D’autre part, et même en imaginant que les données initiales sont connues (hypothèse hardie, on l’a vu), la conclusion qui aboutit à un déficit devrait être sujette à caution : d’où vient le manque à gagner ? D’une part, l’humanité n’a pas, discrètement et sur une autre planète, constitué un petit stock de denrées pour y puiser de temps en temps ce qui lui manquerait pour finir l’année. D’autre part, dès lors que des ressources manquent, leur consommation diminue : eh oui, quand il n’y a pas de pétrole, on n’en brûle pas.

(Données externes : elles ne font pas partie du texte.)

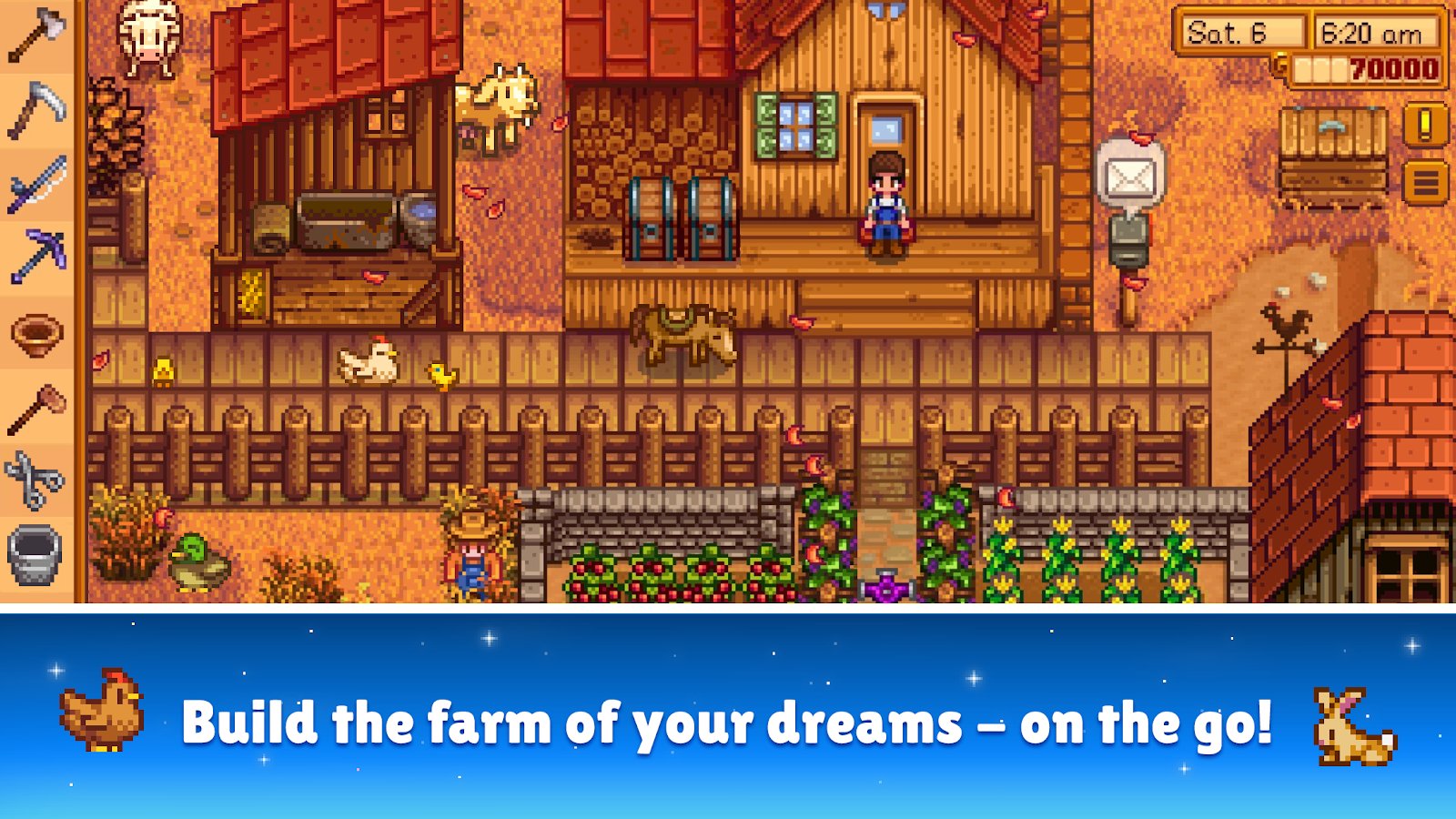 Stardew Valley на Андроид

Ce qui veut dire que toute idée de déficit écologique est, à proprement parler, absurde : au pire, l’humanité ne pourra pas se maintenir à 6 milliards d’êtres humains, voire disparaîtra doucement – ce qui est, au final, ce qui se passe pour toute espèce vivante à terme -, au mieux, elle pourra très bien vivre, et dans ce cas, pas de quoi en faire tout un foin.

Mais en tout cas, à aucun moment, elle ne constituera une dette envers d’hypothétique extra-terrestres qui viendraient nous fournir de la nourriture, des pilules énergétiques ou un stock conséquent de papier nécessaire à l’impression de tous les euros et les dollars que la crise économique va nous obliger à imprimer.

Ce mois d’août montre en tout cas la force cumulée des journalistes et des fluffies : à partir d’un calcul absurde, et d’une conclusion qui l’est tout autant, on aboutit à des articles consternant.